▸ **EXERCISE**: Only the lines from the "热搜词条近百条,时长达800小时,抖音数据破百亿!" line through the last line of the material below belong in the answer, reproduced exactly and with no pictures.

▸ **DATA**:
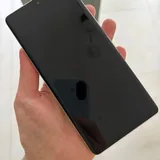 Google Pixel 7 Pro 12/128 GB Hazel 2
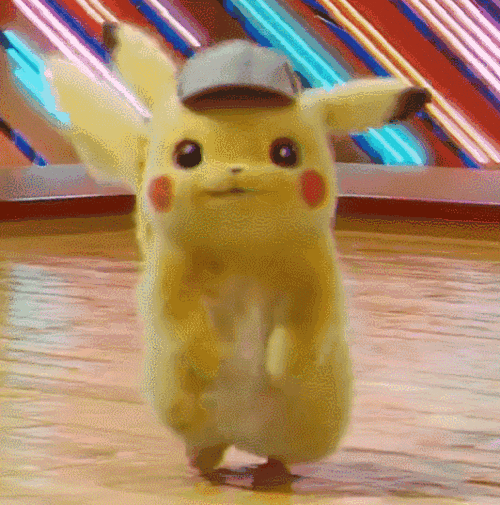 热搜词条近百条,时长达800小时,抖音数据破百亿!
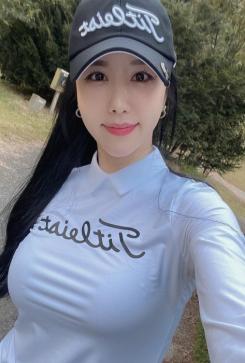Julie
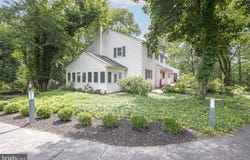856 GAINSWAY ROAD, YARDLEY, PA 19067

▸ **SOLUTION FOR THIS PROBLEM**:
 热搜词条近百条,时长达800小时,抖音数据破百亿!
Julie
856 GAINSWAY ROAD, YARDLEY, PA 19067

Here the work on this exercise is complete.